1. $n=2^ks$ is even (here $k\geqslant 1$ and $s$ is odd). Then $$\frac{\psi(\sigma(n))}{n}=\frac{\psi((2^{k+1}-1)\sigma(s))}{(2^{k+1}-1)\sigma(s)}\cdot \frac{2^{k+1}-1}{2^k}\cdot \frac{\sigma(s)}s.\quad(1)$$ Note that $$\frac{\psi(ab)}{ab}=\prod_{p|ab}\left(1+\frac1p\right)\geqslant \prod_{p|a}\left(1+\frac1p\right)=\frac{\psi(a)}a$$ for positive integers $a,b$, therefore $$ \frac{\psi((2^{k+1}-1)\sigma(s))}{(2^{k+1}-1)\sigma(s)}\geqslant \frac{\psi(2^{k+1}-1)}{2^{k+1}-1}\geqslant \frac{2^{k+1}}{2^{k+1}-1},\quad (2) $$ the last inequality holds due to $k\geqslant 1$ and turns into equality if and only if $2^{k+1}-1$ is a Mersenne prime. Substitute (2) to (1), we get $$ \frac{\psi(\sigma(n))}{n}\geqslant \frac{2^{k+1}}{2^{k+1}-1}\cdot \frac{2^{k+1}-1}{2^k}\cdot \frac{\sigma(s)}s=2\frac{\sigma(s)}s\geqslant 2, $$ with equality if and only if $s=1$ and $2^{k+1}-1$ is a Mersenne prime. So for even $n$ all solutions come from Claim.
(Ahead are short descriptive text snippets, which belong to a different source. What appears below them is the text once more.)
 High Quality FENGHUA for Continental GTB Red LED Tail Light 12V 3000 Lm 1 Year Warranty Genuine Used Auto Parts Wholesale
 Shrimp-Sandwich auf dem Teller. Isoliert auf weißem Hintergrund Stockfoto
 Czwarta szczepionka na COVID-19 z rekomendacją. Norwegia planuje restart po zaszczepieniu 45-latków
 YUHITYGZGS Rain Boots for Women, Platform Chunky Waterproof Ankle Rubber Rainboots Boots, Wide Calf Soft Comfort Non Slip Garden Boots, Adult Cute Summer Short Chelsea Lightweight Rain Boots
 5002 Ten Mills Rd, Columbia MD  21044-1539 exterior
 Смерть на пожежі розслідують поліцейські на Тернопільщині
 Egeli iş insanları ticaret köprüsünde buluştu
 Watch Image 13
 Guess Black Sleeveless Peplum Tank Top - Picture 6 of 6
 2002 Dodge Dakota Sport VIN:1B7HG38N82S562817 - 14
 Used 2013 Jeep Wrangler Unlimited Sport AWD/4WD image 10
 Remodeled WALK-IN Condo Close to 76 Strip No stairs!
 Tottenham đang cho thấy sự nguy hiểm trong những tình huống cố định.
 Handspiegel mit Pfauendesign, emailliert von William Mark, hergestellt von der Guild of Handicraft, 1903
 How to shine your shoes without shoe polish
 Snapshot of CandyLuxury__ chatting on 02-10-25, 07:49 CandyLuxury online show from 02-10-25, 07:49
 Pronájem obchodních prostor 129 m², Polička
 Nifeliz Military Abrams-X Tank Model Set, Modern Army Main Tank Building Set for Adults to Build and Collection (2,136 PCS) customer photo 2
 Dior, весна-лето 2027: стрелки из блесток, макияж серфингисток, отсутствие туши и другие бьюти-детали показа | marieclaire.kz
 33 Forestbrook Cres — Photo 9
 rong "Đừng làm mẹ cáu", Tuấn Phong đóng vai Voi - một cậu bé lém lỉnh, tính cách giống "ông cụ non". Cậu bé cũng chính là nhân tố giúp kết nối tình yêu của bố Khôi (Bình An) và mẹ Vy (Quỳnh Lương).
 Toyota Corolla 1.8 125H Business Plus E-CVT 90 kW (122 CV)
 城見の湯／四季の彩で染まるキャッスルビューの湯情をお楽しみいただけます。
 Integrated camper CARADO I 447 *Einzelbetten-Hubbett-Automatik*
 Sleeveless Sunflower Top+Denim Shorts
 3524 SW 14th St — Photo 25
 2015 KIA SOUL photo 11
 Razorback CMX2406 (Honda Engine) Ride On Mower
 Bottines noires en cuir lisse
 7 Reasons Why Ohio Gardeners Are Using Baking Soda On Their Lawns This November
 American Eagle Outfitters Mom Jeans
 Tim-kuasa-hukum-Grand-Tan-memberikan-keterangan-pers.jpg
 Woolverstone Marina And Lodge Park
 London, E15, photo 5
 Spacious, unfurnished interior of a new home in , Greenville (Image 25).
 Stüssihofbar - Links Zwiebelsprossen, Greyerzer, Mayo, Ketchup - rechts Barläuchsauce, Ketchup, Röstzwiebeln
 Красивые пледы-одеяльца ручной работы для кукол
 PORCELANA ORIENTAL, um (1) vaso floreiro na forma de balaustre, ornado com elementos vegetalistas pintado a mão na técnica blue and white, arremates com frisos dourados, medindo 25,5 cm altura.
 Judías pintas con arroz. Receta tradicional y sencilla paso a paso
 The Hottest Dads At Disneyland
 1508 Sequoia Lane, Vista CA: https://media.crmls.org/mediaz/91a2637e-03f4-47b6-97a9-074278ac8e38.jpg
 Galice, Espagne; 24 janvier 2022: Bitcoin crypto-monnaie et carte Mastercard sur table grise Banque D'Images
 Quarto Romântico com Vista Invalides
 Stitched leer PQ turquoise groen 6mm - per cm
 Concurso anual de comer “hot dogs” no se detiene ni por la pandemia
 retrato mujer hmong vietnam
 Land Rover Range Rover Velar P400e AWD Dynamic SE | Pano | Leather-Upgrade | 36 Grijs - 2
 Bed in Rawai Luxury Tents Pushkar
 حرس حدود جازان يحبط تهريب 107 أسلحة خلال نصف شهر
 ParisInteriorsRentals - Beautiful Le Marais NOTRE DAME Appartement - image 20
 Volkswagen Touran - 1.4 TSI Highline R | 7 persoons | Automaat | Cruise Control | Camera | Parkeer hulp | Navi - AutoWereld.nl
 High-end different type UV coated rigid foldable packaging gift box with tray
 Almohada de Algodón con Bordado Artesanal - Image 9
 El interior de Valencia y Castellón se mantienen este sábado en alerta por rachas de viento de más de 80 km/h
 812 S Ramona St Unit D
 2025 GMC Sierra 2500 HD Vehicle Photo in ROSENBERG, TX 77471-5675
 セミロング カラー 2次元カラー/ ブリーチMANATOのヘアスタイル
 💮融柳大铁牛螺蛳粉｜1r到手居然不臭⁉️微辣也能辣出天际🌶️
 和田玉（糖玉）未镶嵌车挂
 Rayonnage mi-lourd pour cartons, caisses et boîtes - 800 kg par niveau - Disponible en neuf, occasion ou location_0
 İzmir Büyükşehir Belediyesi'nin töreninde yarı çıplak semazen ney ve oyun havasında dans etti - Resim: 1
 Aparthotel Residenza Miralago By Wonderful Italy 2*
2. $n$ is odd. Denote $\sigma(n)=p_1^{\alpha_1}\ldots p_m^{\alpha_m}$. Then $2n=\psi(\sigma(n))=(p_1^{\alpha_1}+p_1^{\alpha_1-1})\ldots (p_m^{\alpha_m}+p_m^{\alpha_m-1})$. Note that $p_i^{\alpha_i}+p_i^{\alpha_i-1}$ is even unless $p_i^{\alpha_i}=2$. But $2n$ is not divisible by 4, therefore either

(i) $m=1$ and $\sigma(n)=p^{\alpha}$; or

(ii) $m=2$ and $\sigma(n)=2p^{\alpha-1}$ for odd $p$.

In the case (i) we get $n=\frac{p+1}2 p^{\alpha-1}$. If $p=2$, then since $n$ should be odd we get $\alpha=2$, $n=3$. It is a solution. If $p$ is odd and $\alpha\geqslant 2$, then $p^\alpha=\sigma(n)=\sigma(\frac{p+1}2)\sigma(p^{\alpha-1})$, but $\sigma(p^{\alpha-1})$ is greater than 1 and not dividible by $p$. If $\alpha=1$, we get $\sigma(\frac{p+1}2)=p$. Then $n=\frac{p+1}2=q^s$ for a prime $q$ (otherwise $\sigma(\frac{p+1}2)$ is composite), $q$ is odd (since $q|n$) and $$2q^s-1=p=\sigma(n)=q^s+q^{s-1}+\ldots+1$$ that fails modulo $q$.

In the case (ii) we get $n=3\frac{p+1}2p^{\alpha-1}$ and $$\sigma(n)\geqslant n+\frac{n}3=2(p+1)p^{\alpha-1}>2p^\alpha,$$ a contradiction.